Submitted by jhartgen@abi.org on

After shunning the U.S. territory for much of the past six years, municipal-bond mutual funds are again buying the Puerto Rico’s debt as it recovers from the 2017 hurricane and inches closer to winning a potential court approval to restructure more than $17 billion of sales-tax-backed debt, a major step in its record-setting bankruptcy, Bloomberg News reported. Pacific Investment Management Co. held about $506 million of commonwealth securities as of Sept. 30, nearly 10 times the $52 million held the month before Hurricane Maria, according to data compiled by Bloomberg.
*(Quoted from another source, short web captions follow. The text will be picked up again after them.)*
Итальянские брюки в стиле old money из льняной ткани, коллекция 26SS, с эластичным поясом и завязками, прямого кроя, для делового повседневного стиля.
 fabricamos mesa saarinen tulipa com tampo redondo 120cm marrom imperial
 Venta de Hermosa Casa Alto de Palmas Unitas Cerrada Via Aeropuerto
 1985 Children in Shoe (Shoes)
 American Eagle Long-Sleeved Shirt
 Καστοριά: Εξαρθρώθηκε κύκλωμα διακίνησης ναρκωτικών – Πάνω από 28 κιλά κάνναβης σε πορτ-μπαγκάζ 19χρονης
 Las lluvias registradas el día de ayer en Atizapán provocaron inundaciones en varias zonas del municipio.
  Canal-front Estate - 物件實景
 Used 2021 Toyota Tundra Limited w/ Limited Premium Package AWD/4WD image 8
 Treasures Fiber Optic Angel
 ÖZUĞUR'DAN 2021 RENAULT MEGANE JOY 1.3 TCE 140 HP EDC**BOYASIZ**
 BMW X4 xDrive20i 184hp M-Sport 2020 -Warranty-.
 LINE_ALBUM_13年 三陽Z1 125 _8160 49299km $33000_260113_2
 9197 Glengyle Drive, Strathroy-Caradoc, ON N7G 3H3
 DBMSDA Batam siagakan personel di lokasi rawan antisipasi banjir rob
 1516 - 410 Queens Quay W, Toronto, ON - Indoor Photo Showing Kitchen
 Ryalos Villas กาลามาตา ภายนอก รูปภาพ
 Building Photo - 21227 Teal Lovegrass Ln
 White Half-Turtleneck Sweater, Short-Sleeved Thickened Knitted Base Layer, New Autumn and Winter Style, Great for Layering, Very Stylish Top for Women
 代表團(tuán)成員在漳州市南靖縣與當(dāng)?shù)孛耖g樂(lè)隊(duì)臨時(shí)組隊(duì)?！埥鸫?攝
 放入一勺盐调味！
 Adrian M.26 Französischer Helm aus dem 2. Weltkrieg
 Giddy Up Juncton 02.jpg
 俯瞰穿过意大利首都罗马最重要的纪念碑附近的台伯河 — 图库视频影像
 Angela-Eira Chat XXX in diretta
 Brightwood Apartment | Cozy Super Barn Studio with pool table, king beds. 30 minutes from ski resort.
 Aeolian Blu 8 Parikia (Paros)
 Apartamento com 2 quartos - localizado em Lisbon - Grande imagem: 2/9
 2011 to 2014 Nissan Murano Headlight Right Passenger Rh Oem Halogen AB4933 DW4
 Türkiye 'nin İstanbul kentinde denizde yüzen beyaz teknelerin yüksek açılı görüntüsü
AllianceBernstein LP increased its exposure to $347 million, as of Nov. 30, up from $53 million in August 2017. Capital Group and Massachusetts Financial Services Co. increased their exposure by nearly 50 percent. The increase comes after the price of Puerto Rico bonds rallied on expectations that a stream of federal disaster aid and private insurance cash will give a jolt to Puerto Rico’s economy, which has shrunk in the past decade. Its bankruptcy may also speed up this year if a court signs off on the restructuring plan for its sales-tax bonds that would address about a fourth of the island’s $74 billion of debt, freeing Puerto Rico to strike similar deals with other creditors.